Macclesfield conservationist Alan David Clayton has been awarded a Medal of the Order of Australia (OAM) in the General Division for service to conservation, the environment, and to the community.

Mr Clayton who’s now retired and lives in Macclesfield since 2010, said the recognition came as a surprise and is something he sees as shared rather than personal.

“With surprise, and with the realisation that the work I’ve been doing has been alongside a wonderful group of colleagues and friends,” he said.

“It really should be a group award rather than an individual one.”

Mr Clayton has spent more than a decade deeply involved in conservation across the Dandenongs and Yarra Valley, particularly in threatened species recovery and community-led landcare.

A central focus of his work has been the helmeted honeyeater, Victoria’s bird emblem – through his long involvement with the Friends of the Helmeted Honeyeater, including serving as president from 2018 to 2022 and becoming a life member in 2023.

As president, he was closely involved in efforts to protect and expand habitat for the critically endangered bird, work that led to a broader shift in thinking.

“With the impact of climate change and all the threats to biodiversity, there was a realisation that to be effective we had to work at a landscape level, rather than as an individual project level,” he said.

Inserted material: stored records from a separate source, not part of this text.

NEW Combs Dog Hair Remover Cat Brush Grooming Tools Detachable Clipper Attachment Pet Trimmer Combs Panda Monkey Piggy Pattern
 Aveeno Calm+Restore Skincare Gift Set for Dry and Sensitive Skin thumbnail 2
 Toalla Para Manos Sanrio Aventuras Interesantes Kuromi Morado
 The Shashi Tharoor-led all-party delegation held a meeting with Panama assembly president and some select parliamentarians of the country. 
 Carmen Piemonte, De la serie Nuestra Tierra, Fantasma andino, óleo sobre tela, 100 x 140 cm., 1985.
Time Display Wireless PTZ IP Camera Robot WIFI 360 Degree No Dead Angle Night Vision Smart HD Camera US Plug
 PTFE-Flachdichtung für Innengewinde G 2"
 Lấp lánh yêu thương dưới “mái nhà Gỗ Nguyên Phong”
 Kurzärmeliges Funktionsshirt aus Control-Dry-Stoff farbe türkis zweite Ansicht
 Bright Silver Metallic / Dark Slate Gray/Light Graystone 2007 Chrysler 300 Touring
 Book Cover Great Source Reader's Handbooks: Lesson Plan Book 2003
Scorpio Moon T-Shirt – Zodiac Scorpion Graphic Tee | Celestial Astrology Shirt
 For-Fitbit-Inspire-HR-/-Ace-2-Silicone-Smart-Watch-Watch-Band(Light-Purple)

That shift gave rise to the Yellingbo to Butterfield project, later evolving into the Beyond Yellingbo program, which works with private landholders outside the Yellingbo Nature Conservation Area, the program now involves 121 properties and partnerships with multiple Landcare and community groups.

From that work, an even more ambitious collaboration has emerged through the Nangana Landcare Network, which Mr Clayton helped co-establish in 2021 and now leads as president.

The network is working with a wide range of groups across the Yarra Valley on conservation efforts spanning around 120,000 hectares.

Looking back on his work, Mr Clayton said it has always been people who have tied it all together.

“It is the way that people from various backgrounds and perspectives can work together for the common good,” he said.

“There is also a shared recognition of the enormous threat that climate change and the continuing degradation of biodiversity presents to the ongoing survival of a large number of species, particularly endangered, vulnerable and threatened.”

Living in Macclesfield and the Dandenongs has shaped both his conservation work and community leadership.

“This is just a special environment with cool temperate rainforest. It’s just a special part of the world,” Clayton said.

Mr Clayton’s approach has also been strongly influenced by his Quaker faith of more than 45 years, grounded in values of simplicity, peace, integrity, community, equality and care for the earth.

“Absolutely fundamental,” he said of its influence on his life and work.

He hopes the OAM serves as encouragement for others rather than a full stop.

“I trust that this is an affirmation that this work is important and that others will follow and continue it,” he said.

Mr Clayton also paid tribute to his wife, Dorothy, describing her as a vital part of his journey.

“I could not do it without the amazing support of my wife, who has been equally involved in all this work,” he said.

“She’s a soulmate.”

Despite the honour, Mr Clayton shows no sign of slowing down, embracing what he describes as “working on wearing out rather than rusting out.”